Pajak.com, Jakarta – Bocornya draf Revisi Undang-Undang tentang Ketentuan Umum dan Tata Cara Perpajakan (RUU KUP) beberapa waktu lalu sempat memicu polemik publik. Draf yang masih berbentuk rancangan ini di antaranya memuat rencana pemerintah untuk memungut Pajak Pertambahan Nilai (PPN) atas barang dan jasa yang menjadi hajat hidup orang banyak, yakni barang kebutuhan pokok atau sembako.
Pemerintah pun akhirnya mengklarifikasi bahwa tidak semua sembako dikenakan tarif Pajak Pertambahan Nilai. Sembako nonpremium yang dibeli di pasar tradisional akan terbebas dari pajak (PPN). Untuk komoditas beras, misalnya, beras lokal akan terbebas dari PPN karena banyak dikonsumsi masyarakat pada umumnya. Namun beras premium seperti beras basmati dan beras shirataki bisa dipungut PPN. Pasalnya, beras kalangan kelas atas itu berharga 5-10 kali lipat dari harga beras lokal. Begitu juga dengan komoditas lain seperti daging sapi. Daging sapi yang akan dipungut pajak adalah daging sapi Kobe dan daging sapi Wagyu yang harganya sekitar 10-15 kali lipat dari harga daging sapi biasa.

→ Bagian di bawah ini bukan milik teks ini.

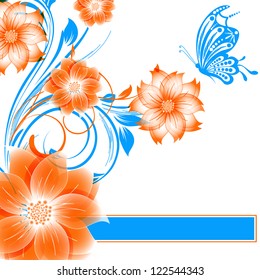 abstract vector flower background with butterfly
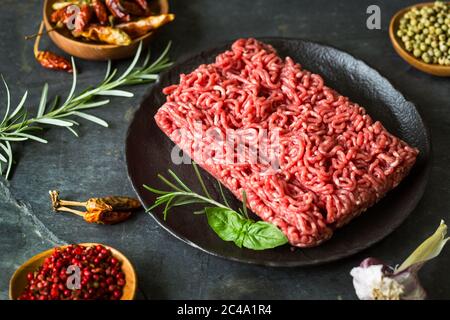 Fresh minced meat with spices Stock Photo
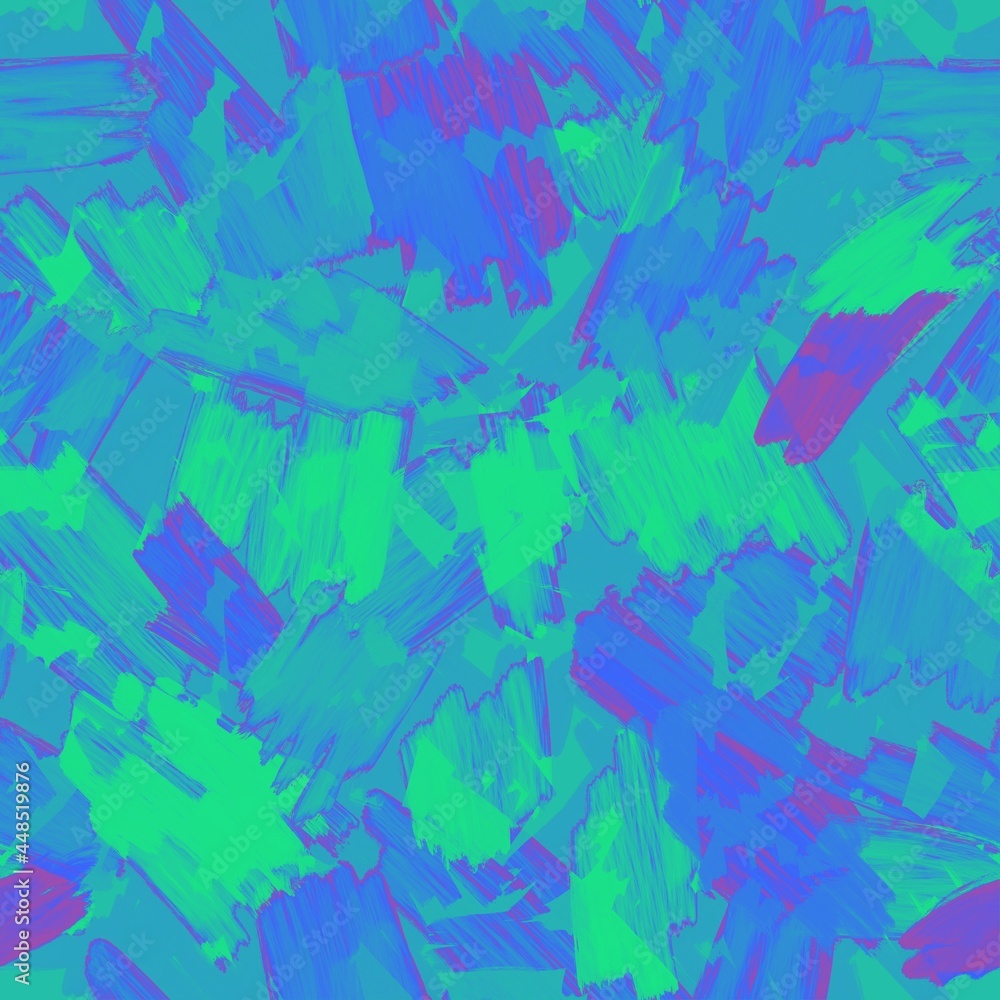 Seamless pattern. Green, blue, cyan strokes of paint, brush strokes on a white background.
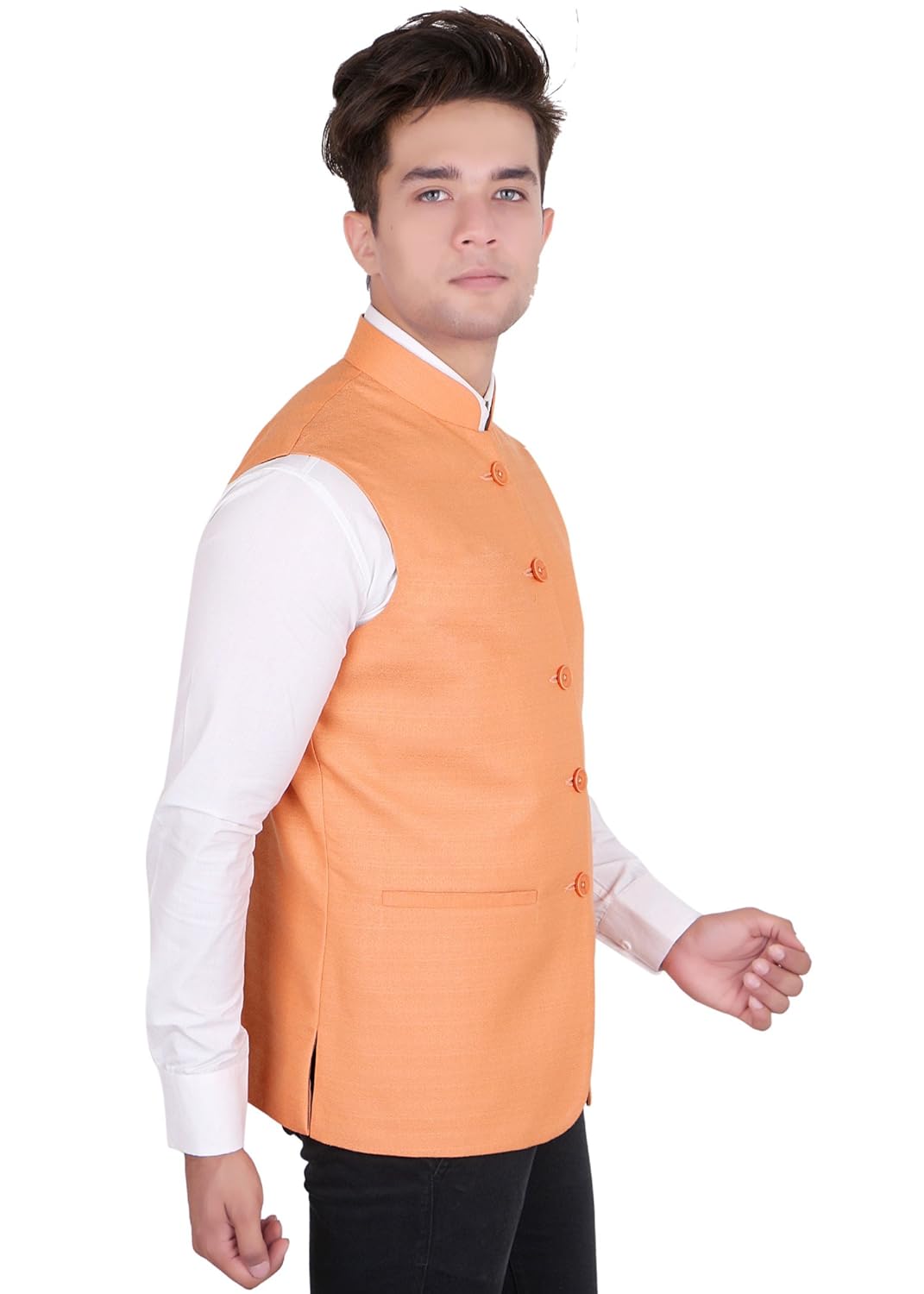 la rainbow casual silk blend orange nehru jacket for men/boys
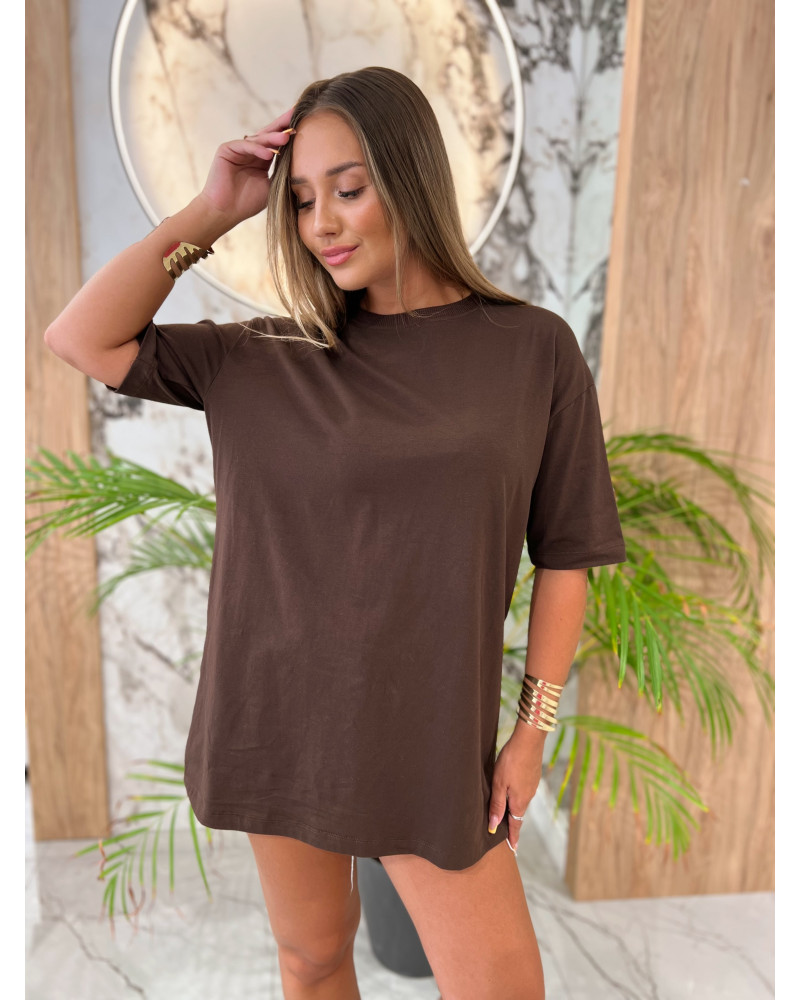T-shirt oversize By o la la....! czekoladowy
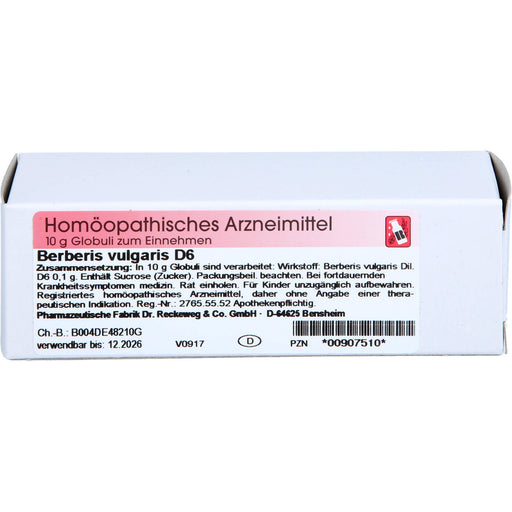 Berberis vulgaris D6 Reckeweg Glob., 10 g GLO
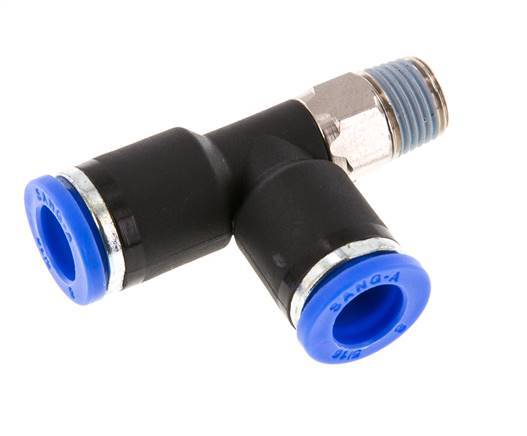 8mm x R1/8'' rechte hoek T-stuk Messing/PA 66 Insteekfitting Buitendraad Draaibaar NBR [2 Stuks]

Berangkat dari polemik itu, banyak masyarakat awam yang ingin mengetahui lebih jauh soal PPN. Mengutip laman resmi Kementerian Keuangan, PPN adalah pungutan yang dibebankan atas transaksi jual-beli barang dan jasa yang dilakukan oleh Wajib Pajak Pribadi atau Wajib Pajak Badan yang telah menjadi Pengusaha Kena Pajak (PKP). Dengan kata lain, PPN termasuk jenis pajak tidak langsung. Mereka yang berkewajiban memungut, menyetor dan melaporkan PPN adalah para Pedagang/Penjual. Namun, pihak yang berkewajiban membayar PPN adalah konsumen akhir. Artinya, beban PPN tersebut ditanggung oleh orang yang membeli barang dan atau jasa kena pajak.